Suburb of Ipswich, Suffolk, England

Westbourne is a suburb of Ipswich, on the northwestern fringe of the town, in the Ipswich district, in the county of Suffolk, England. It borders the suburbs of Whitton and Castle Hill to the east and the villages of Bramford and Sproughton to the west. Whitehouse is a large estate occupying the northern part of the suburb. It is named after the West Bourne, a former stream and tributary of the River Gipping that ran east through the north of the suburb then south alongside Westbourne Road. It was diverted in the early twentieth century to supply the town with water. The former stream bed can still be seen on the eastern perimeter of the Bramford Lane Allotments and its waters can be heard flowing beneath the manhole covers on the site.

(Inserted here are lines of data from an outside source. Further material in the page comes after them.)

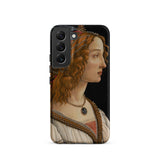 Idealized Portrait of a Lady - Sandro Botticelli Samsung Case, Galaxy S22 / Matte, Smartphone Case Classical Portrait Woman Long Wavy Red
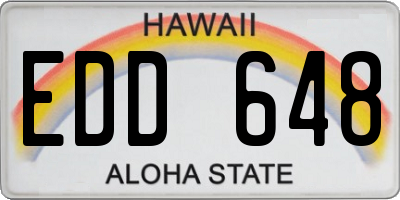 HI license plate EDD648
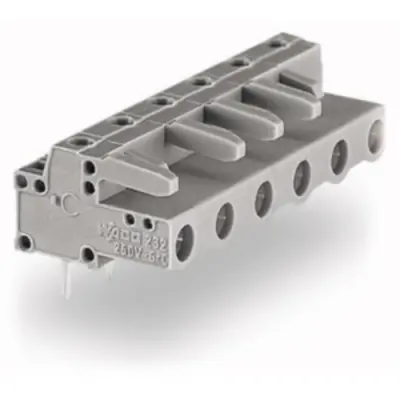 Socket header, 3 pole, pitch 7.5 mm, angled, gray, 232-833 - 1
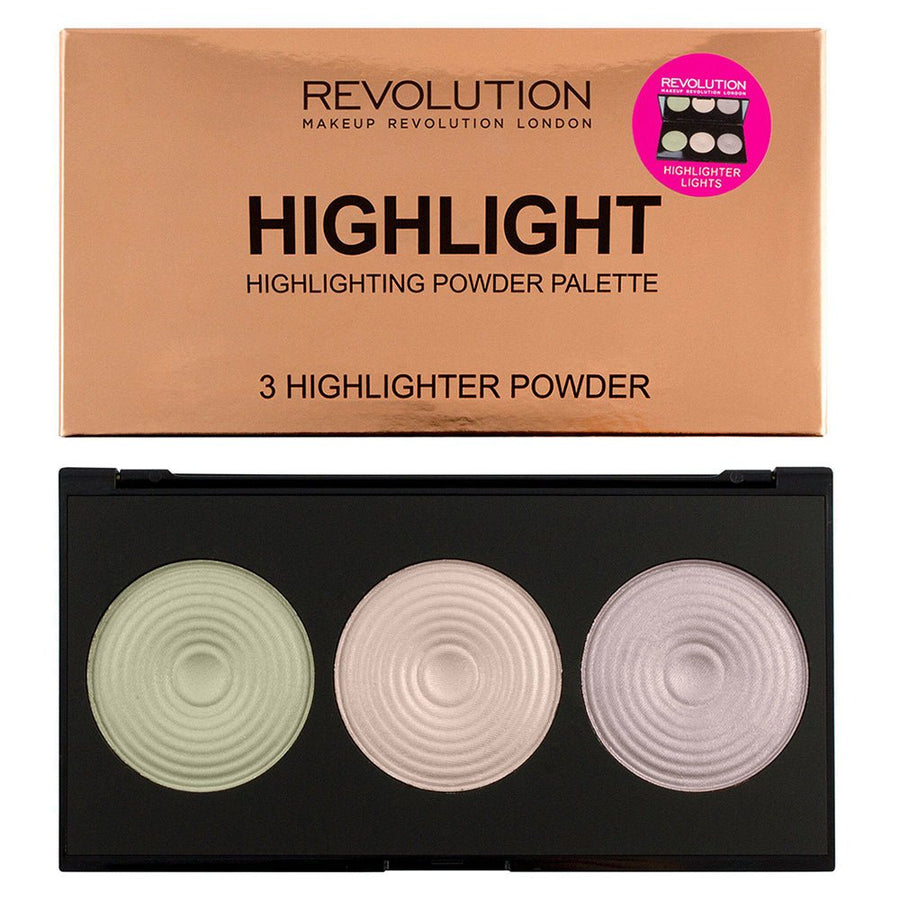 Revolution Highlight Powder Palette, 3 Best Selling Highlighters, Peach Lights, Pink Lights, Golden Lights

Westbourne Academy (formerly known as Westbourne High School and Westbourne Sports College) takes its name from the district. Westbourne Library in the south of the suburb was renamed Broomhill Library following consultation with local residents after the running of the county's libraries passed from Suffolk County Council to Suffolk Libraries in 2012. The Suffolk Punch is a public house in the area, a notable 'Tolly Folly', styled on the Tollemache stately home, Helmingham Hall. A number of artists and writers live in the district.